╭──
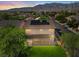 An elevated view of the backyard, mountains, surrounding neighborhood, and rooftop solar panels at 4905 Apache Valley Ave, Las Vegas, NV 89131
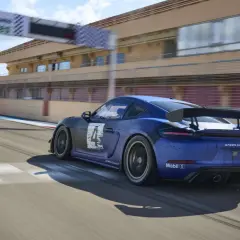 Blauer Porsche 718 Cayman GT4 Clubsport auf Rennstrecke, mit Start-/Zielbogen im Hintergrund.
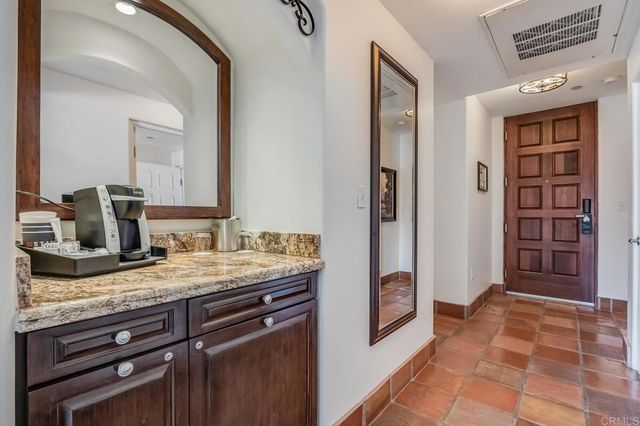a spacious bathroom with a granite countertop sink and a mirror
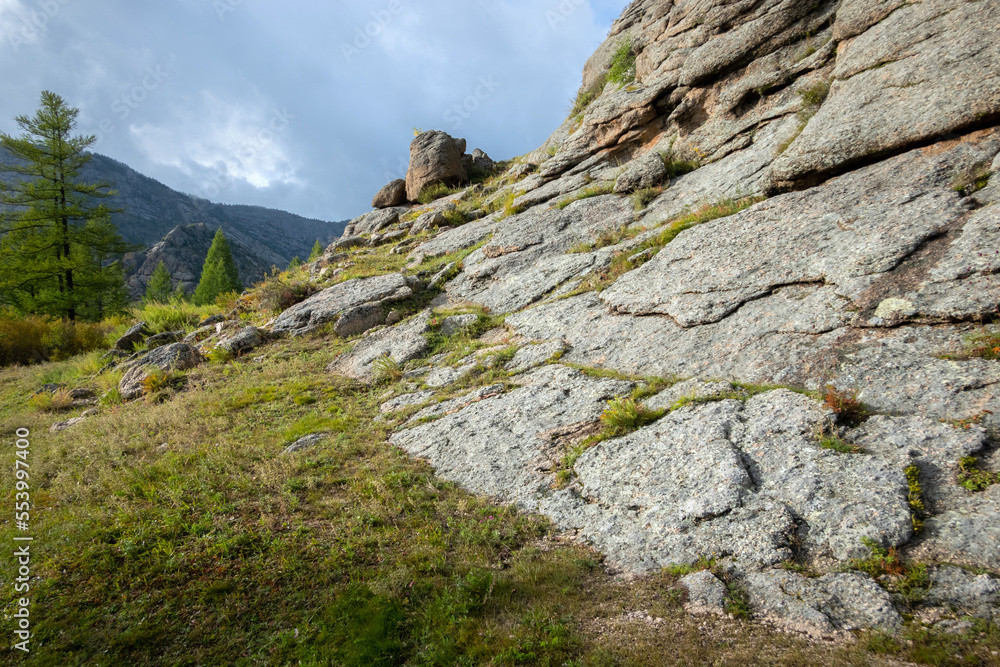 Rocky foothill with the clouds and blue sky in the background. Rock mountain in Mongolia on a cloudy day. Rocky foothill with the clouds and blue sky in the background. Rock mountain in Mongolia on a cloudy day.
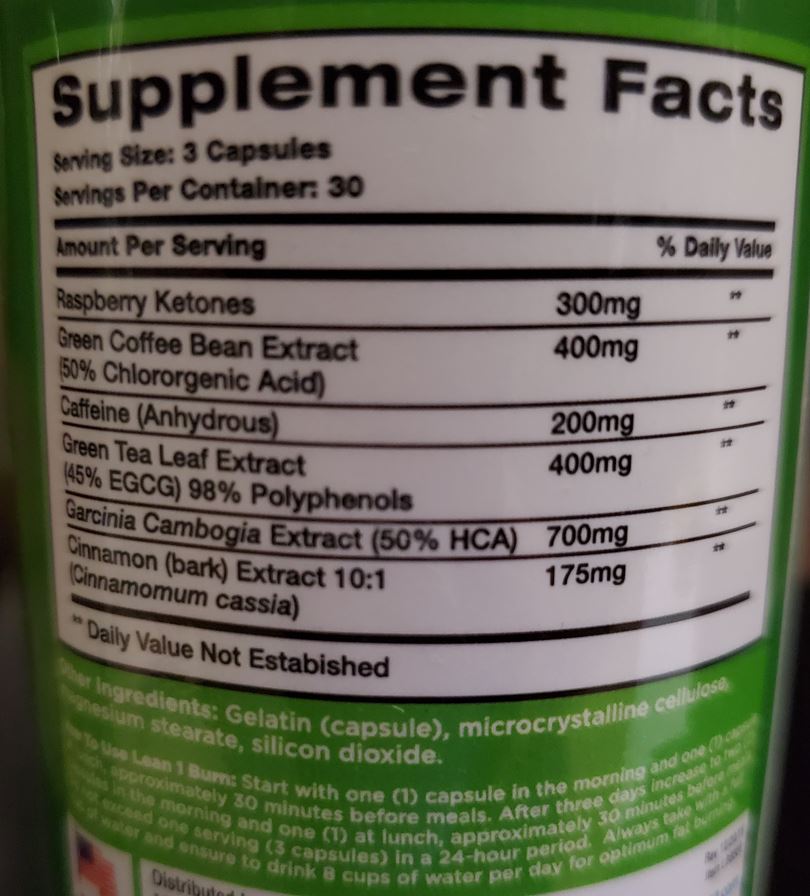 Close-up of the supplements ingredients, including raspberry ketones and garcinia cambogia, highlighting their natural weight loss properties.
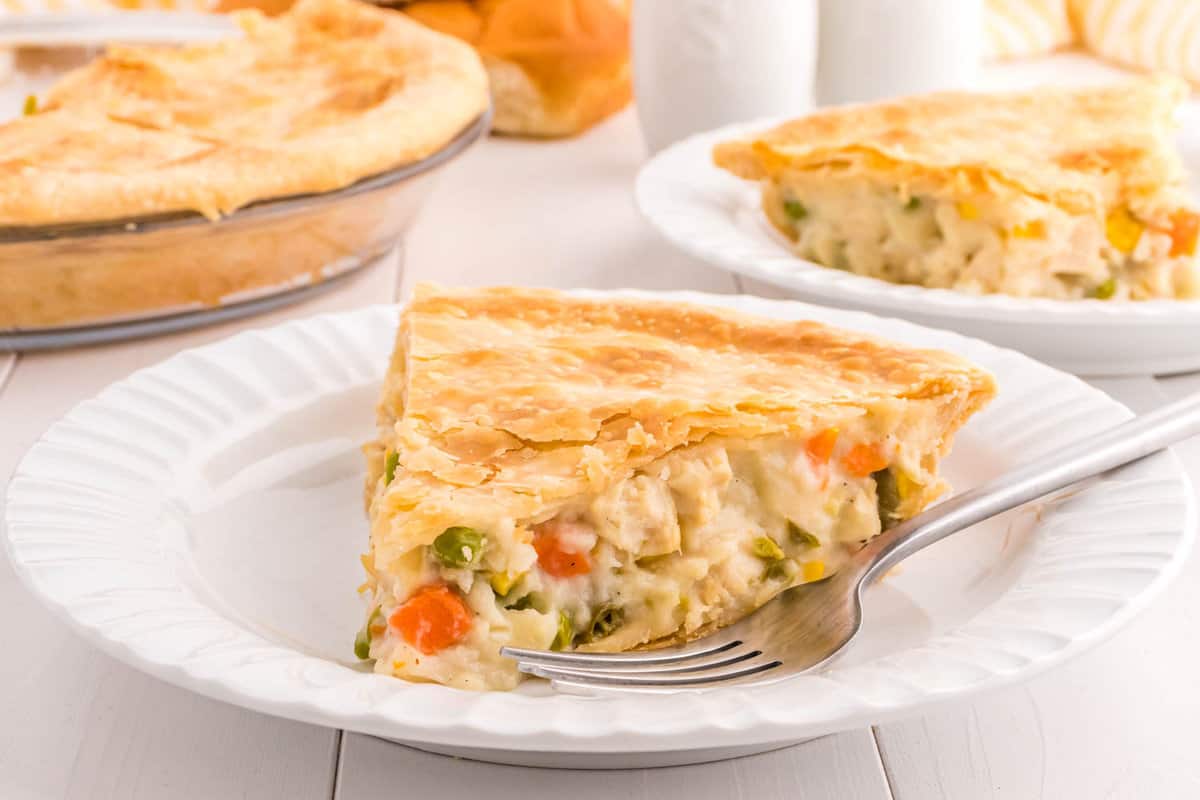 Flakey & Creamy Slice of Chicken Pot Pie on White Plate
╰──
Task to carry out — Leaving the pictures out, transcribe the entries above exactly as written.

Task response —
 An elevated view of the backyard, mountains, surrounding neighborhood, and rooftop solar panels at 4905 Apache Valley Ave, Las Vegas, NV 89131
 Blauer Porsche 718 Cayman GT4 Clubsport auf Rennstrecke, mit Start-/Zielbogen im Hintergrund.
a spacious bathroom with a granite countertop sink and a mirror
 Rocky foothill with the clouds and blue sky in the background. Rock mountain in Mongolia on a cloudy day. Rocky foothill with the clouds and blue sky in the background. Rock mountain in Mongolia on a cloudy day.
 Close-up of the supplements ingredients, including raspberry ketones and garcinia cambogia, highlighting their natural weight loss properties.
 Flakey & Creamy Slice of Chicken Pot Pie on White Plate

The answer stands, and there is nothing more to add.